# Try it
Return each line below exactly as it reads, and omit any image in it.

# Supplied data
* * * *
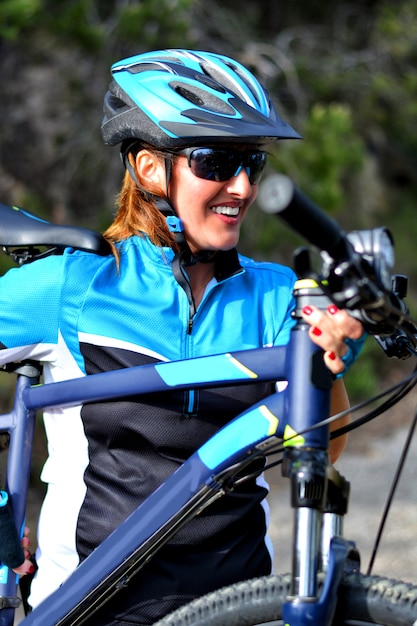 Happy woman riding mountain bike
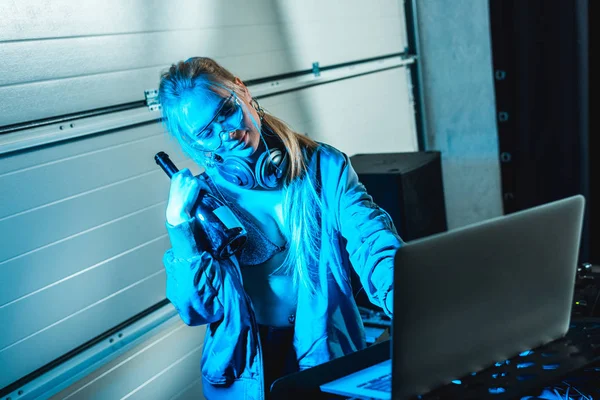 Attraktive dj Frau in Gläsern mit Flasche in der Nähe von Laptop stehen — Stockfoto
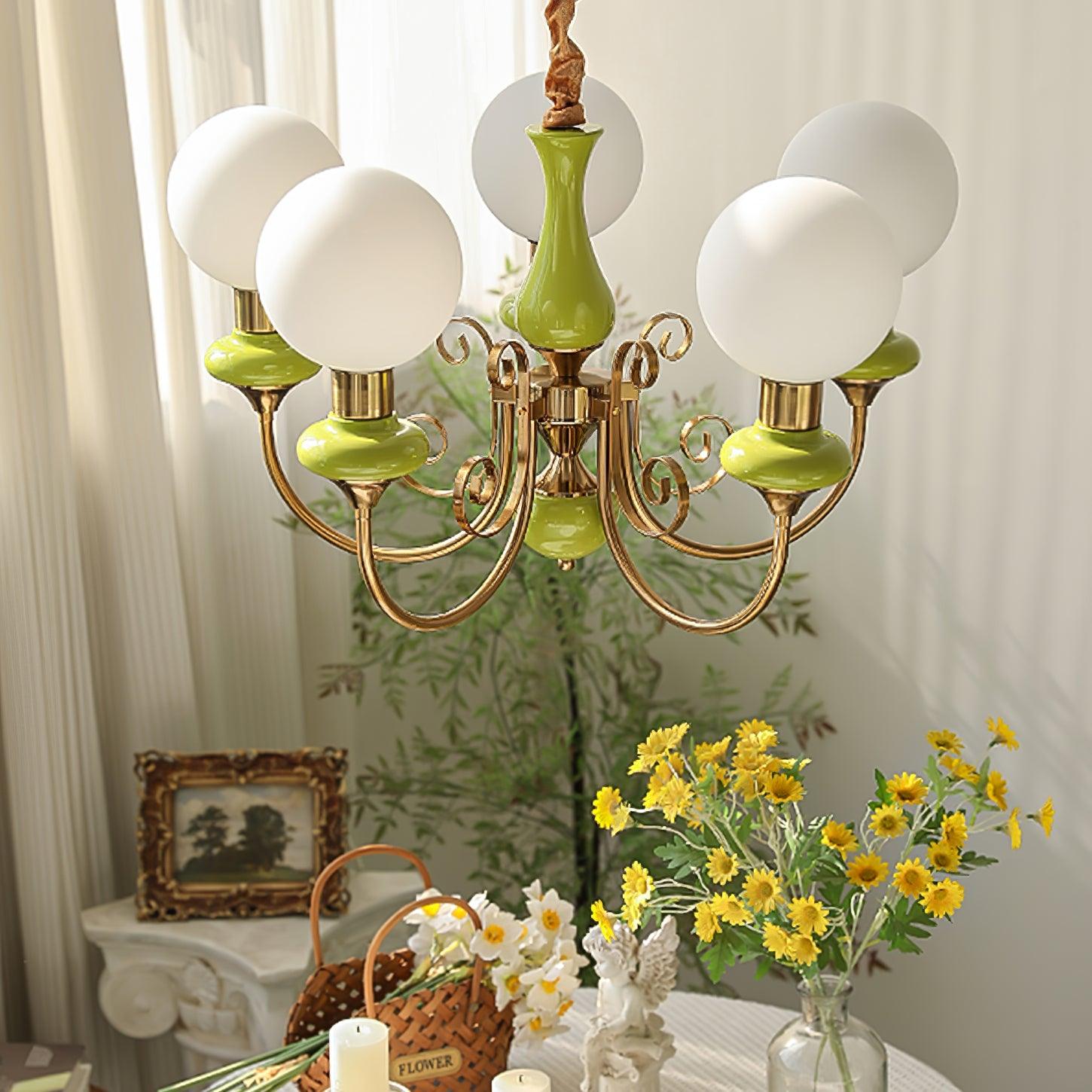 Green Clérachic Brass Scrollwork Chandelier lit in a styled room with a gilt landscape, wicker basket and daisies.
* * * *
# Your response
 Happy woman riding mountain bike
 Attraktive dj Frau in Gläsern mit Flasche in der Nähe von Laptop stehen — Stockfoto
 Green Clérachic Brass Scrollwork Chandelier lit in a styled room with a gilt landscape, wicker basket and daisies.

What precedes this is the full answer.